WHAT YOU WILL DO >> Search term "Mercedes": copy each line of the data containing it.

GIVEN DATA >>
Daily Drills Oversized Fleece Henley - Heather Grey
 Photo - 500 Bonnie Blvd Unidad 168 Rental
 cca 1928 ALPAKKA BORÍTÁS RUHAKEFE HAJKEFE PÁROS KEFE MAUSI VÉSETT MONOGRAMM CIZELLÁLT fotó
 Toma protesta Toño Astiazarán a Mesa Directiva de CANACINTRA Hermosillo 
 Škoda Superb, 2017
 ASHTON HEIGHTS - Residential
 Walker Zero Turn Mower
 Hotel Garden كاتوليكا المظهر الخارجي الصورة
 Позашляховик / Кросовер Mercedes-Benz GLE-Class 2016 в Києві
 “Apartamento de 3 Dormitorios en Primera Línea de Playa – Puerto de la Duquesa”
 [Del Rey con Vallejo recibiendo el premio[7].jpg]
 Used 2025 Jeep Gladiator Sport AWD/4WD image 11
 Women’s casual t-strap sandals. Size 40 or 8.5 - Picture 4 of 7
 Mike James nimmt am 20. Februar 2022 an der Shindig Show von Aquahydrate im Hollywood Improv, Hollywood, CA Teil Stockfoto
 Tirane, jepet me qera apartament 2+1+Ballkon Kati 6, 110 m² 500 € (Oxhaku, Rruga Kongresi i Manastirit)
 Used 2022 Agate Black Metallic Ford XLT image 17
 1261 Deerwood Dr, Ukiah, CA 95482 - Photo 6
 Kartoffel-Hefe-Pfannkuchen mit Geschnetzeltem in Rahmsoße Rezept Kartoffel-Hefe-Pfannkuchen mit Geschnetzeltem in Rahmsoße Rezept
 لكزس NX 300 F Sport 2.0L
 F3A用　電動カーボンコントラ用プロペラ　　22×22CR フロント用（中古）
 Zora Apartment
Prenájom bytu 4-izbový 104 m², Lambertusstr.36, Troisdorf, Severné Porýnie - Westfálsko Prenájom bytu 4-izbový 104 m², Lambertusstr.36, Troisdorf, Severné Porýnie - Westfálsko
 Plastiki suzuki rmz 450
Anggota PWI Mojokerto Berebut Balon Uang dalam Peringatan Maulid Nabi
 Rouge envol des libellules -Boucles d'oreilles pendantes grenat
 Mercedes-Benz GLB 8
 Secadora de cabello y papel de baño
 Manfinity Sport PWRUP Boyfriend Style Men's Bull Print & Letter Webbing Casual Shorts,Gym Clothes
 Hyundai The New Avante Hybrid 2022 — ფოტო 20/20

EXERCISE RESPONSE >>
 Позашляховик / Кросовер Mercedes-Benz GLE-Class 2016 в Києві
 Mercedes-Benz GLB 8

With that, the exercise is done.